━━━ Data section ━━━
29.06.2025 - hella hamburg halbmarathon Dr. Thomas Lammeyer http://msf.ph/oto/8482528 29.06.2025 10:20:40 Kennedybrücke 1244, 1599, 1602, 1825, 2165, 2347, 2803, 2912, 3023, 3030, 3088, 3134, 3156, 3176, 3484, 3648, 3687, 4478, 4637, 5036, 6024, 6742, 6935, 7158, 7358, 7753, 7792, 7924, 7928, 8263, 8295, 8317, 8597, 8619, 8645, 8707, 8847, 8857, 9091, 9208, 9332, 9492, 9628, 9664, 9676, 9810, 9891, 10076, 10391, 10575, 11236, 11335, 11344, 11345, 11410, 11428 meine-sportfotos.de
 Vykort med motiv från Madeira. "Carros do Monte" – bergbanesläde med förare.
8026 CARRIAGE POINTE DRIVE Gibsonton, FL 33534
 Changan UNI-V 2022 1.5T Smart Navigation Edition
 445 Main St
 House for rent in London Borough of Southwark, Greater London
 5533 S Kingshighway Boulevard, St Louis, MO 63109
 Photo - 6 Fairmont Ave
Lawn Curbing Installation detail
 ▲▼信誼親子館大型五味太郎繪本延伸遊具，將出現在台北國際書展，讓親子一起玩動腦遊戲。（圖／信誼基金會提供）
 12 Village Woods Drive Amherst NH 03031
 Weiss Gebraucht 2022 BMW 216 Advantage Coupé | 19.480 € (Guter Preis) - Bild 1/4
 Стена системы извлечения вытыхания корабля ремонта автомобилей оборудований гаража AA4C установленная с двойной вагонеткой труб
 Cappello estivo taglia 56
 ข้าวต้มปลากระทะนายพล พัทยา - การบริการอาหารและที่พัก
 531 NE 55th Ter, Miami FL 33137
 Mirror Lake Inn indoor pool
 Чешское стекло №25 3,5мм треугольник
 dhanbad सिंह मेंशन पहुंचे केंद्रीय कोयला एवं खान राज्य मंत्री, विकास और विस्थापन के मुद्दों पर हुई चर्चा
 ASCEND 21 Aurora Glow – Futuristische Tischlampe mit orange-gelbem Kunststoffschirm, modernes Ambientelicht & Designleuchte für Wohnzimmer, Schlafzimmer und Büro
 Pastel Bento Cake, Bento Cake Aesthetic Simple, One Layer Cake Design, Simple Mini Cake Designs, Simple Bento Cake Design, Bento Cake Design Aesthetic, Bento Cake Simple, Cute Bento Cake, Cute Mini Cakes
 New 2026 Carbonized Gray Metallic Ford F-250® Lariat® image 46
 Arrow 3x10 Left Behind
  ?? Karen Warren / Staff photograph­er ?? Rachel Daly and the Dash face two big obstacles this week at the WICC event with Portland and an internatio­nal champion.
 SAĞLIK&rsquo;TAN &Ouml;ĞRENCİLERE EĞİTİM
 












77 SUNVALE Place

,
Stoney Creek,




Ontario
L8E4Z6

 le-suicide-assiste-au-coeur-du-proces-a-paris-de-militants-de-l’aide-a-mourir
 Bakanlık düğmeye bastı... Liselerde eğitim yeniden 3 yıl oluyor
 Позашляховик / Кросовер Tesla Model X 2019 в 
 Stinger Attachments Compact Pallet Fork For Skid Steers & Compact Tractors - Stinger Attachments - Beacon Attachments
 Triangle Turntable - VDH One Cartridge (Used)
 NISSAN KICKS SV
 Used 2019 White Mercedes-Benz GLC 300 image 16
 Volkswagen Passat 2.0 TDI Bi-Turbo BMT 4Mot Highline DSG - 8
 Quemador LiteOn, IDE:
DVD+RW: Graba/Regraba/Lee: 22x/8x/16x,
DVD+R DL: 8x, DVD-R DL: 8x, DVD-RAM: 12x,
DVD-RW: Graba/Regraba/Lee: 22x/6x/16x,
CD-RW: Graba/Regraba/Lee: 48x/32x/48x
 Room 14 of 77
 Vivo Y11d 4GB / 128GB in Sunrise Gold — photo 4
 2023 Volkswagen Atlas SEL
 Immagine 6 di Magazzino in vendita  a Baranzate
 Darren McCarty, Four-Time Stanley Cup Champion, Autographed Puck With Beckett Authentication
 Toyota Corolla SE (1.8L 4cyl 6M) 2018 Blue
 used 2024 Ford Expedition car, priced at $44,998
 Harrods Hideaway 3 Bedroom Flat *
━━━
§ **Assigned task**: Look in the material above for the line with "5533 S Kingshighway" and the line with "Чешское стекло №25 3,5мм треугольник", and transcribe exactly those lines and all lines between them, nothing more.

§ **Output below**:
 5533 S Kingshighway Boulevard, St Louis, MO 63109
 Photo - 6 Fairmont Ave
Lawn Curbing Installation detail
 ▲▼信誼親子館大型五味太郎繪本延伸遊具，將出現在台北國際書展，讓親子一起玩動腦遊戲。（圖／信誼基金會提供）
 12 Village Woods Drive Amherst NH 03031
 Weiss Gebraucht 2022 BMW 216 Advantage Coupé | 19.480 € (Guter Preis) - Bild 1/4
 Стена системы извлечения вытыхания корабля ремонта автомобилей оборудований гаража AA4C установленная с двойной вагонеткой труб
 Cappello estivo taglia 56
 ข้าวต้มปลากระทะนายพล พัทยา - การบริการอาหารและที่พัก
 531 NE 55th Ter, Miami FL 33137
 Mirror Lake Inn indoor pool
 Чешское стекло №25 3,5мм треугольник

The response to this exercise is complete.